Minye Thihakyaw (မင်းရဲသီဟကျော်, born Naga; 1771 – 1855), commonly known as the Prince of Pyinzi, was a royal prince of Burma's Konbaung dynasty, especially renowned for his composition of classical songs (or Mahāgīta).

==Life==
Maung Naga was born to King Hsinbyushin and Thanlyin Mibaya in 1771. Because he received the appanage of Pyinzi, along with the title of Minye Thihakyaw in 1784, Maung Naga was known in life as the "Prince of Pyinzi." He married Min Shwenga, a daughter of King Hsinbyushin and Ratanadevi. Maung Naga died in 1855. He was the uncle of the third Pyinzi Prince, Myo Sit, who succeeded him in his princedom.

==Works==
Among the five Pyinzi princes of the Konbaung dynasty, those who showed the most interest in Mahāgīta were Maung Naga and Hteiktin Pu. Although they both composed Mahāgīta songs, no Mahagita books described clearly which songs were written by which Prince of Pyinzi.

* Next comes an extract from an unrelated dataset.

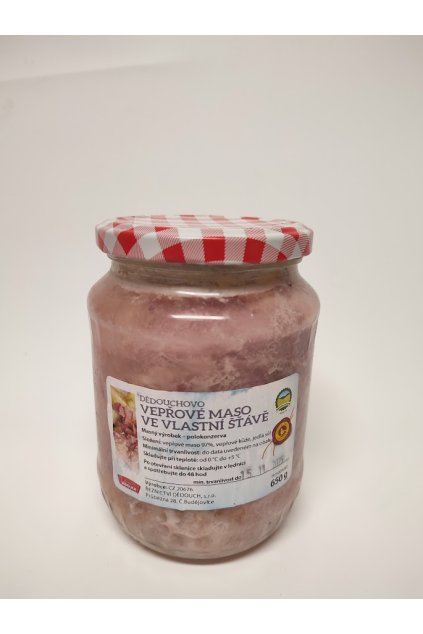vepřové maso velké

Following the 1789 royal order of Crown Prince Shwedaung, many professionals translated Thai and Khmer legends into Burmese with the help of ambassadors from the Ayutthaya Kingdom and the Khmer Empire. The translated Burmese versions were entitled Yama Zatdaw, Indrāvudha, Kesāsīri, and Sinkhapatta.

Maung Naga composed lyrics for eight chapters of the Yama Zatdaw:
- ShweTanayar (ရွှေတညာ)
- Hninyunkhar Heman (နှင်းယွန်းခါဟေမာန်)
- Taw Taungswe (တောတောင်စွယ်)
- Taw Myaing Chay Lan (တောမြိုင်ခြေ လမ်း)
- Pan Myaing Le (ပန်းမြိုင်လယ်)
- Khaing Pan Sone (ခိုင်ပန်းစုံ)
- Hmawyon Hewun (မှော်ရုံဟေဝန်)
- Hmine Hmon Pyar Nyo (မှိုင်းမှုန်ပြာညို).

In 1841 King Tharrawaddy went to Yangon together with Maung Naga. There he composed Mon songs:
- Taungyan Tawgyi (တောင်ယံတောကြီး)
- Taungyan Tawgale (တောင်ယံတောကလေး)
- Hninyun Gimman (နှင်းယွန်းဂိမ္မာန်)
- Hninyunthar Heman (နှင်းယွန်းသာဟေမန်)
- Kaunggyi Thinkar (ကောင်းကြီးသင်ခါ)
- Hnyin Hnyin Pansin Shwe Tamyar (ညှင်းညှင်းပဉ္စင် ရွှေတံမြွာ)
- Sein Mya Yan Chal (စိန်မြရံချယ်)
- Thaung Kyay Dipabwe (သောင်းကျေးဒီပါဘွေ).

Maung Naga composed Yintkyu Waemandar and Yuzana Malar patpyoes.